I'm glad to see all us hillbillies have been lumped into one category  
Not everyone there is a meth smoking degenerate. Not everyone has the luxury of owning a boat, or having the time to spend all day on the river looking for a few fish. Sadly, my free time is limited, my funds are short, and with the current increases in gasoline prices, my money will become even tighter. So, I don't see how someone who might want to stop at the dam and fish for an hour or two, because of its convenience, is automatically placed on the same level as a drug dealer/user. There are some bad, unethical people that fish there who ruin it for others. I will agree with that. But with that being said, there are plenty of problem people who fish from a boat, deer hunt, etc. Don't look down upon everyone who doesn't fit your mold, or have the resources you do. Everyone is just trying to enjoy thier little piece of this life. There are plenty of ethical fishermen who fish the wall. You, sadly, had to interact with a couple who aren't...


----------



## quest32a (Sep 25, 2001)

Splitshot said:


> Todd,
> 
> 
> John my advice is when you see that, dial the poaching hot line and give a good description and stay away from those places as they will piss you off every time.


I would have but I couldn't come up with any real law that was being broken. Just guys being pricks. And you are right, I have no plan on returning anytime soon. I just had to check it out to see what it was like.


----------



## Black Ghost (Jul 3, 2002)

I remember that place about 15 minutes there in around 1983 was enough for me not been back since and it appears it has not improved much. :tdo12: 

God I cannot imagine what it must be like there during the night, "The Horror the horror of it all?

I'd rather fish for carp or sunnies some wheres than deal with that scene.

:cwm27: 

BG


----------



## thousandcasts (Jan 22, 2002)

I don't mind fishing for Carp off the wall there. Usually in May they show up and there's very few people. Tie up a few salmon spawn bags and have at it--talk about an absolute blast! Every now and then, you'll get a bonus late run steelie to blast your bag. 

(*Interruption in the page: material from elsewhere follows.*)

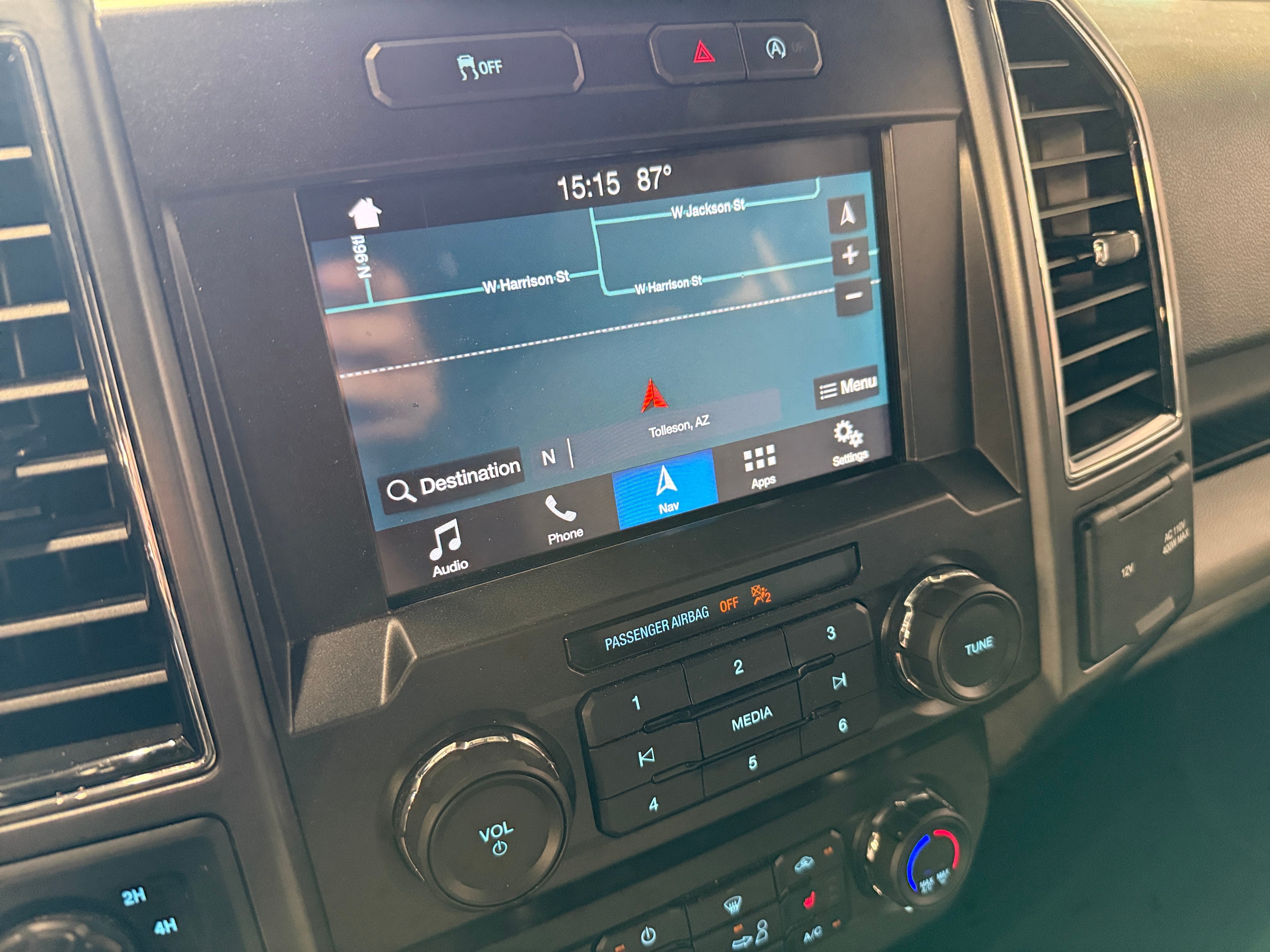 2019 Ford F-150 XLT - Photo 13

Of course, there used to be some good summer fishing above the coffer at Foote Dam on the Au Sable (Giant smallies, late steel, summer steel, way early kings), but the yank and crank crowd in the fall and spring ruined that when the DNR had to fence it off and close that portion down.


----------



## hypox (Jan 23, 2000)

Allegan dam is without a doubt the worst place to fish in michigan... I fished there once about 5 years ago for about 5 minutes. Seen enough for a lifetime. Tippy is a cakewalk compaired to that. Although I do think a few dance moves were created there....The most popular being the Allegan shuffle.


----------



## Pigpen69 (Feb 20, 2001)

hypox said:


> Allegan dam is without a doubt the worst place to fish in michigan... I fished there once about 5 years ago for about 5 minutes. Seen enough for a lifetime. Tippy is a cakewalk compaired to that. Although I do think a few dance moves were created there....The most popular being the Allegan shuffle.

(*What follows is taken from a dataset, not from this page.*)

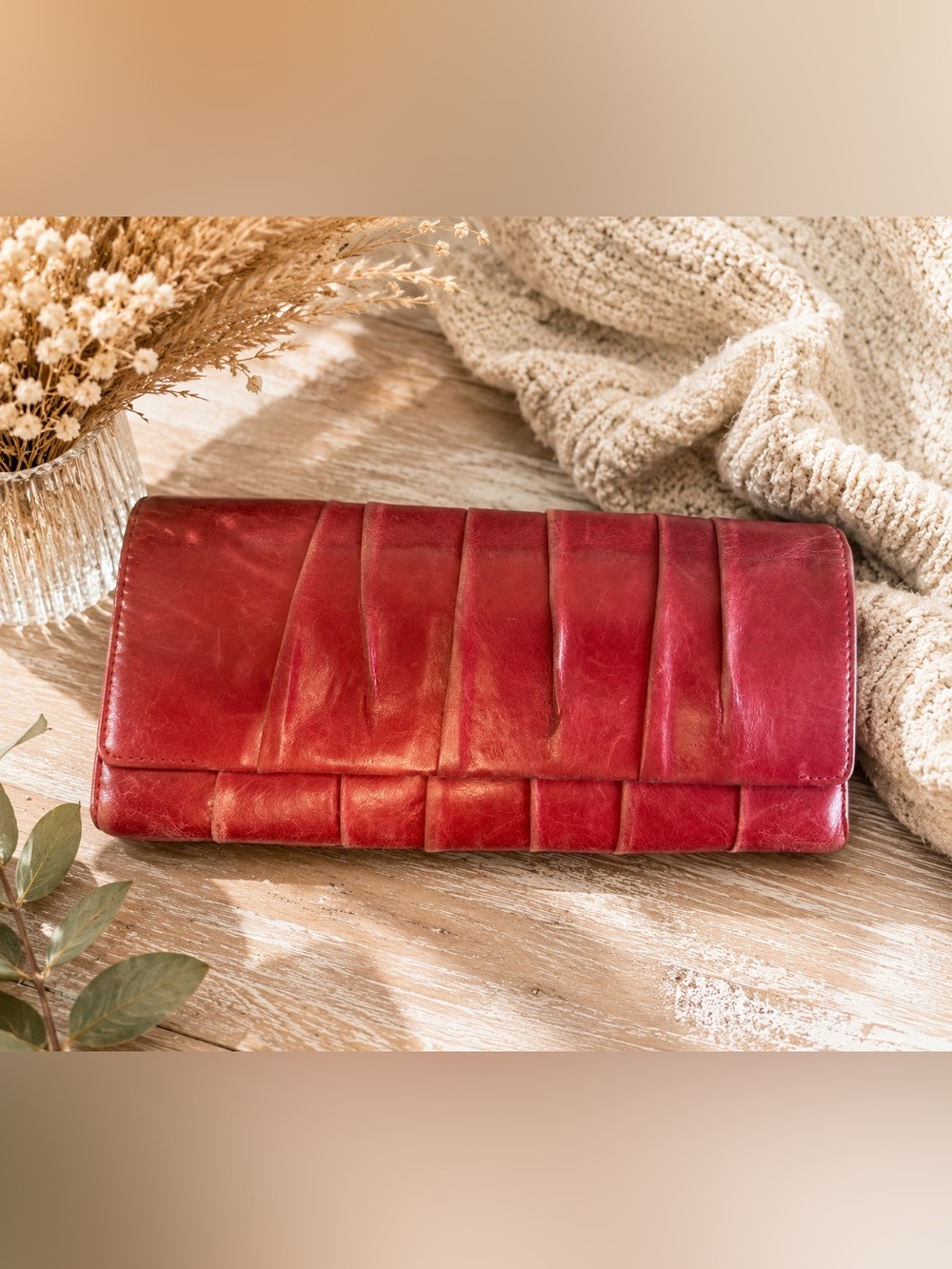 ❤️ HOBO Red Leather Pleated Trifold Wallet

I hate to say it, but I agree. I tried fishing there several times, and in my opinion if you are not ready to stand tall and take no crap, your in trouble. If some jerk had done that to my boy, they definitely would have had to fish his bleeding head from the cold water. I fished the steps and the platform, and it certainly wasnt much fun. I sure couldnt take my kids fishing there, they learn enough bad habits at home


----------



## MPsteelheader (May 2, 2000)

thanks eric...

really what should be banned is fishing from those stairs all together...

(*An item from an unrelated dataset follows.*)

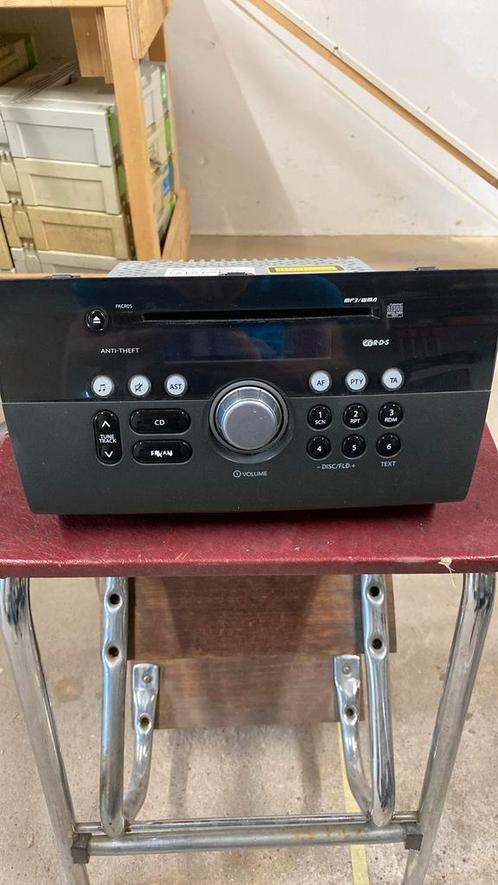 Suzuki swift 2009 (2005-2010) radio, Auto diversen, Autoradio's, Zo goed als nieuw, Ophalen of Verzenden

its a safety issue with all that LEAD flying around!!!

lol

cya on the river,

mark


----------



## STEINFISHSKI (Jan 30, 2001)

One time I fished my 12' jon boat up by the dam for walleye before the season closed. All I heard was grumbling from the wall then PLOOP, PLOOP as the casted their lead my way, gunning for me. One chunk even hit the side of the boat.:yikes:

The other boats I passed on the way upstream were cool, and even the guys on the left, but the guys on the wall were ruthless. I vote close it.


----------



## Dutchman (Jan 17, 2000)

STEINFISHSKI said:


> I vote close it.


 I second that!! Never been there, And have NOOO plans to go there.


----------



## Spanky (Mar 21, 2001)

It will probably never be closed to fishing, that would be unfair to certain anglers. If they were to close the area to fishing, that would mean boats too. Then the ramp would have to be closed too, or left un maintained, and sice it is only 2 yrs old, I don't they are gonna let it go. It is also unfair tyo group everyone who fishes the wall into a group of lawbreakers, drug dealers, or brawlers, but there are alot of those types there. It is best to just avoid it, and report any unlawfull activities to the authorities.


----------



## 2PawsRiver (Aug 4, 2002)

I fished the wall last year. It was not at the peak of the season, but there was a crowd there. Didn't have any problems, but then again I am a self professed Hickerbilly, Bank Maggot, missing one tooth, driving a rusty beat up truck, so I either blend in or could go under cover  

From time to time though I do clean up and go fishing in a boat. While in the boat I try not to cuss, get drunk, do drugs or make a big mess, unless of course I am lucky enough to be fishing with Spanky.


----------



## Thunderhead (Feb 2, 2002)

quest32a said:


> He then proceeds to grab the kids line out of his hand and cut his lure off. If I were the kids dad that fish would have gotten broken off and the sob would have been swimming.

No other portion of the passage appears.